**Dataset**
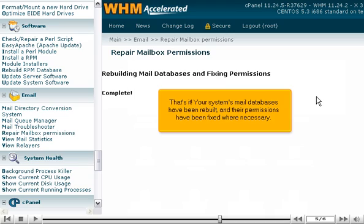That's it! Your system's mail databases have been rebuilt, and their permissions have been fixed where necessary.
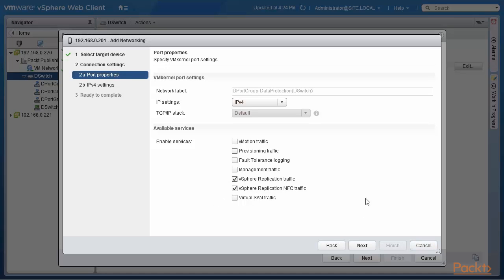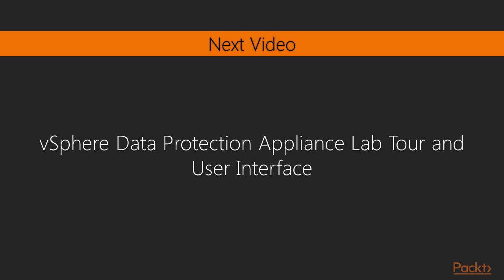So, three ways in which traffic for protection and replication can be optimized: first, NetworkIO Control version 3; second, network filtering and marking with class of service and differentiated services code point markings; and third, defining VM kernel adapters for replication traffic and adding more virtual NICs to replication virtual machines so traffic can be routed directly to those additional VNICs. In the next video, we will look at vSphere data protection appliance installation and configuration.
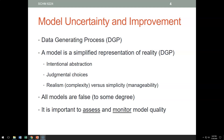We don't know the real data generating process, but we build a model of it. A model is a simplified representation of reality — in this case, of the data generating process. So far we have looked at moving averages, exponential smoothing, and regression analysis. All of these are models that capture the essence of the data generating process.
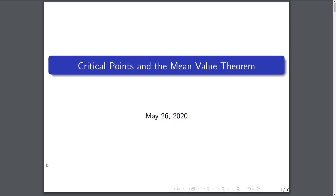Hello world! Today I'm going to talk about critical points and the mean value theorem. The mean value theorem is one of the most important results in real analysis, and it'll be a very useful tool in proving even bigger results. So let's jump right in.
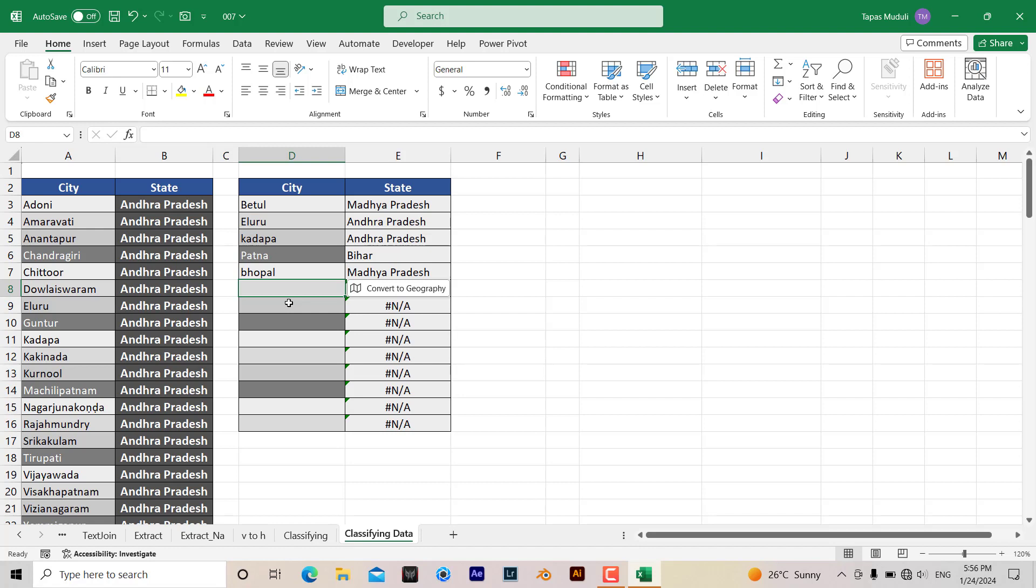But always remember, before you use this formula, you need to clean the data, trim the data, and format the data so that it will recognize the same thing whatever you have written.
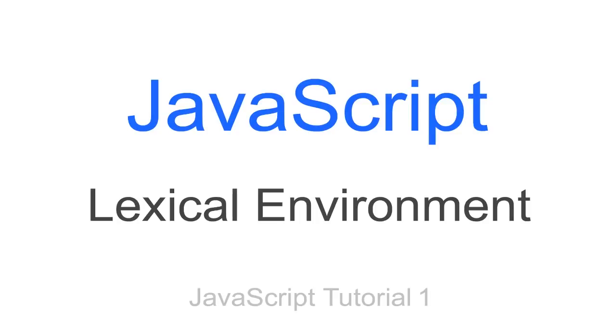Hey guys, welcome to my first JavaScript tutorial. In this tutorial we're going to cover lexical environment.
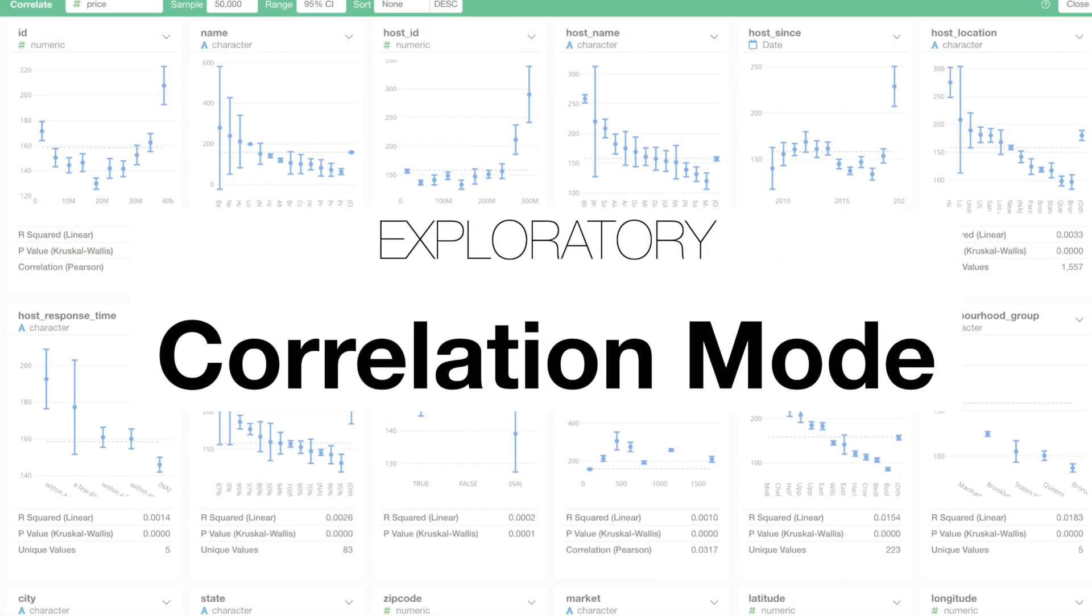The correlation mode under the summary view is a great tool to find out if there are any variables that are associated or correlated with the variables of your interest. And if there are, it helps you understand how.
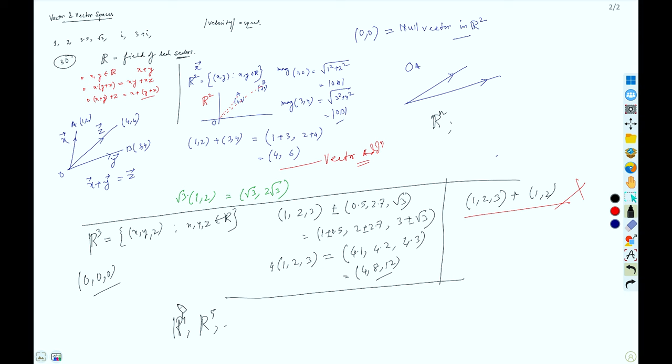We will generalize this definition, in the sense that any space following those definitions we call a vector space.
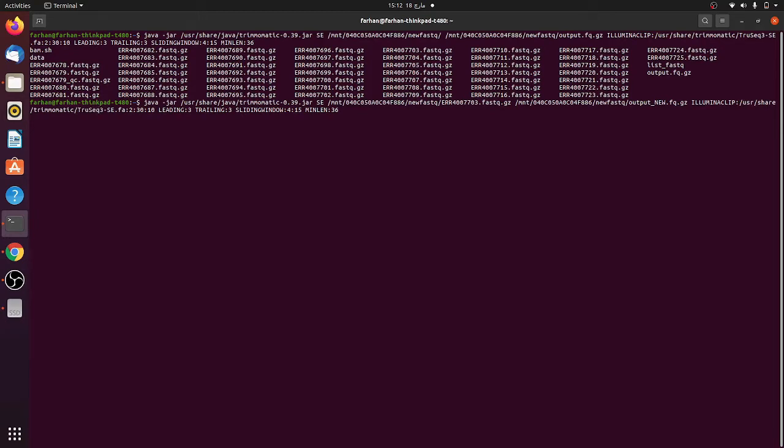Then this is the TruSeq3-SE.fa FASTA file. Here the adapter sequences are present in this file and you can actually trim those. If the adapter sequences are present in this file it will trim or clip these sequences.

**Exercise goal**
Word for word, print out all of the records above; pass over the pictures.

**Output for this exercise**
That's it! Your system's mail databases have been rebuilt, and their permissions have been fixed where necessary.
So, three ways in which traffic for protection and replication can be optimized: first, NetworkIO Control version 3; second, network filtering and marking with class of service and differentiated services code point markings; and third, defining VM kernel adapters for replication traffic and adding more virtual NICs to replication virtual machines so traffic can be routed directly to those additional VNICs. In the next video, we will look at vSphere data protection appliance installation and configuration.
We don't know the real data generating process, but we build a model of it. A model is a simplified representation of reality — in this case, of the data generating process. So far we have looked at moving averages, exponential smoothing, and regression analysis. All of these are models that capture the essence of the data generating process.
Hello world! Today I'm going to talk about critical points and the mean value theorem. The mean value theorem is one of the most important results in real analysis, and it'll be a very useful tool in proving even bigger results. So let's jump right in.
But always remember, before you use this formula, you need to clean the data, trim the data, and format the data so that it will recognize the same thing whatever you have written.
Hey guys, welcome to my first JavaScript tutorial. In this tutorial we're going to cover lexical environment.
The correlation mode under the summary view is a great tool to find out if there are any variables that are associated or correlated with the variables of your interest. And if there are, it helps you understand how.
We will generalize this definition, in the sense that any space following those definitions we call a vector space.
Then this is the TruSeq3-SE.fa FASTA file. Here the adapter sequences are present in this file and you can actually trim those. If the adapter sequences are present in this file it will trim or clip these sequences.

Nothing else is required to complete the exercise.